**Task brief**
Every record below must be set down again exactly as given.
§ §
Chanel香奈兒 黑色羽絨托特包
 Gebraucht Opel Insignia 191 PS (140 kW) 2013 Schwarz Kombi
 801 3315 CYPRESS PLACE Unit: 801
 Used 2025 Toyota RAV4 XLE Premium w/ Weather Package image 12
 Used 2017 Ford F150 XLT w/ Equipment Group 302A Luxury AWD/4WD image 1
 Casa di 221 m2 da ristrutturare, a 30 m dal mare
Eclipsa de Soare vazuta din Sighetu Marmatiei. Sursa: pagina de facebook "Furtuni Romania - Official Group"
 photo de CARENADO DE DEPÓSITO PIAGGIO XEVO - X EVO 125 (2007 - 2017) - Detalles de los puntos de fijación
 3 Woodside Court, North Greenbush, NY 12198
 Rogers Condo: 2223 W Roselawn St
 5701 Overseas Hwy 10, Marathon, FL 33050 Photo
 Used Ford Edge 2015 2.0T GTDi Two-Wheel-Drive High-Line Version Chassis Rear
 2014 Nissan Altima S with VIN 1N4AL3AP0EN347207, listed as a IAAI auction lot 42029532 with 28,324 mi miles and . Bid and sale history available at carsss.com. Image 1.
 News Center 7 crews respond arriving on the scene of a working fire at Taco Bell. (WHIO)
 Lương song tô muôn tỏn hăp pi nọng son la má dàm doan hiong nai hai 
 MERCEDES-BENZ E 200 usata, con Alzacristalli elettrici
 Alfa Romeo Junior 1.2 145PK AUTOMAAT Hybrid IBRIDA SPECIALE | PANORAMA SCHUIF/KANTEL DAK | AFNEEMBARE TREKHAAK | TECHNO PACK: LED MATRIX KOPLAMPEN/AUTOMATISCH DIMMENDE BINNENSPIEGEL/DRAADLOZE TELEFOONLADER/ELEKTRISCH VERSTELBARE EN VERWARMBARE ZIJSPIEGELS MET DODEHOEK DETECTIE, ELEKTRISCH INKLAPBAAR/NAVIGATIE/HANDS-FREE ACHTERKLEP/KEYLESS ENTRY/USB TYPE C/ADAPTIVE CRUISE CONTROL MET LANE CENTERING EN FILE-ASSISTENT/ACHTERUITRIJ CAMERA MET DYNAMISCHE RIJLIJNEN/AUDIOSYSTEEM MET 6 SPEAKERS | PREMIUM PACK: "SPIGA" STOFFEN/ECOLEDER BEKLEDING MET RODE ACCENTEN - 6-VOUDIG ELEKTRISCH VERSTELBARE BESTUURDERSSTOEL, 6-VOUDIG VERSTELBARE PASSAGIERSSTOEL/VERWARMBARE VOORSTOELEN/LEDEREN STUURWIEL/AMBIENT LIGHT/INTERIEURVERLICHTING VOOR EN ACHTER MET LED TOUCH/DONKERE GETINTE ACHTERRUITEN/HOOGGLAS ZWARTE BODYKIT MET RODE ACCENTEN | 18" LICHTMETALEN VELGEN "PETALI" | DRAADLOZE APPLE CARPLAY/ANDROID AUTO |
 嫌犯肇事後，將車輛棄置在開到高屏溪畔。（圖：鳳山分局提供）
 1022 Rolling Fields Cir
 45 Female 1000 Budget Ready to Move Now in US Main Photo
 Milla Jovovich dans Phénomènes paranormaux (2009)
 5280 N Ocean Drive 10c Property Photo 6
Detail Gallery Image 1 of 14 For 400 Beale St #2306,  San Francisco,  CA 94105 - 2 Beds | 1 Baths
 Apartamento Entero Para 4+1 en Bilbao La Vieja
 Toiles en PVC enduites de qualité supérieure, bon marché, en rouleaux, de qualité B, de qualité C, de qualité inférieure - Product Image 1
§ §
**Completed task**
Chanel香奈兒 黑色羽絨托特包
 Gebraucht Opel Insignia 191 PS (140 kW) 2013 Schwarz Kombi
 801 3315 CYPRESS PLACE Unit: 801
 Used 2025 Toyota RAV4 XLE Premium w/ Weather Package image 12
 Used 2017 Ford F150 XLT w/ Equipment Group 302A Luxury AWD/4WD image 1
 Casa di 221 m2 da ristrutturare, a 30 m dal mare
Eclipsa de Soare vazuta din Sighetu Marmatiei. Sursa: pagina de facebook "Furtuni Romania - Official Group"
 photo de CARENADO DE DEPÓSITO PIAGGIO XEVO - X EVO 125 (2007 - 2017) - Detalles de los puntos de fijación
 3 Woodside Court, North Greenbush, NY 12198
 Rogers Condo: 2223 W Roselawn St
 5701 Overseas Hwy 10, Marathon, FL 33050 Photo
 Used Ford Edge 2015 2.0T GTDi Two-Wheel-Drive High-Line Version Chassis Rear
 2014 Nissan Altima S with VIN 1N4AL3AP0EN347207, listed as a IAAI auction lot 42029532 with 28,324 mi miles and . Bid and sale history available at carsss.com. Image 1.
 News Center 7 crews respond arriving on the scene of a working fire at Taco Bell. (WHIO)
 Lương song tô muôn tỏn hăp pi nọng son la má dàm doan hiong nai hai 
 MERCEDES-BENZ E 200 usata, con Alzacristalli elettrici
 Alfa Romeo Junior 1.2 145PK AUTOMAAT Hybrid IBRIDA SPECIALE | PANORAMA SCHUIF/KANTEL DAK | AFNEEMBARE TREKHAAK | TECHNO PACK: LED MATRIX KOPLAMPEN/AUTOMATISCH DIMMENDE BINNENSPIEGEL/DRAADLOZE TELEFOONLADER/ELEKTRISCH VERSTELBARE EN VERWARMBARE ZIJSPIEGELS MET DODEHOEK DETECTIE, ELEKTRISCH INKLAPBAAR/NAVIGATIE/HANDS-FREE ACHTERKLEP/KEYLESS ENTRY/USB TYPE C/ADAPTIVE CRUISE CONTROL MET LANE CENTERING EN FILE-ASSISTENT/ACHTERUITRIJ CAMERA MET DYNAMISCHE RIJLIJNEN/AUDIOSYSTEEM MET 6 SPEAKERS | PREMIUM PACK: "SPIGA" STOFFEN/ECOLEDER BEKLEDING MET RODE ACCENTEN - 6-VOUDIG ELEKTRISCH VERSTELBARE BESTUURDERSSTOEL, 6-VOUDIG VERSTELBARE PASSAGIERSSTOEL/VERWARMBARE VOORSTOELEN/LEDEREN STUURWIEL/AMBIENT LIGHT/INTERIEURVERLICHTING VOOR EN ACHTER MET LED TOUCH/DONKERE GETINTE ACHTERRUITEN/HOOGGLAS ZWARTE BODYKIT MET RODE ACCENTEN | 18" LICHTMETALEN VELGEN "PETALI" | DRAADLOZE APPLE CARPLAY/ANDROID AUTO |
 嫌犯肇事後，將車輛棄置在開到高屏溪畔。（圖：鳳山分局提供）
 1022 Rolling Fields Cir
 45 Female 1000 Budget Ready to Move Now in US Main Photo
 Milla Jovovich dans Phénomènes paranormaux (2009)
 5280 N Ocean Drive 10c Property Photo 6
Detail Gallery Image 1 of 14 For 400 Beale St #2306,  San Francisco,  CA 94105 - 2 Beds | 1 Baths
 Apartamento Entero Para 4+1 en Bilbao La Vieja
 Toiles en PVC enduites de qualité supérieure, bon marché, en rouleaux, de qualité B, de qualité C, de qualité inférieure - Product Image 1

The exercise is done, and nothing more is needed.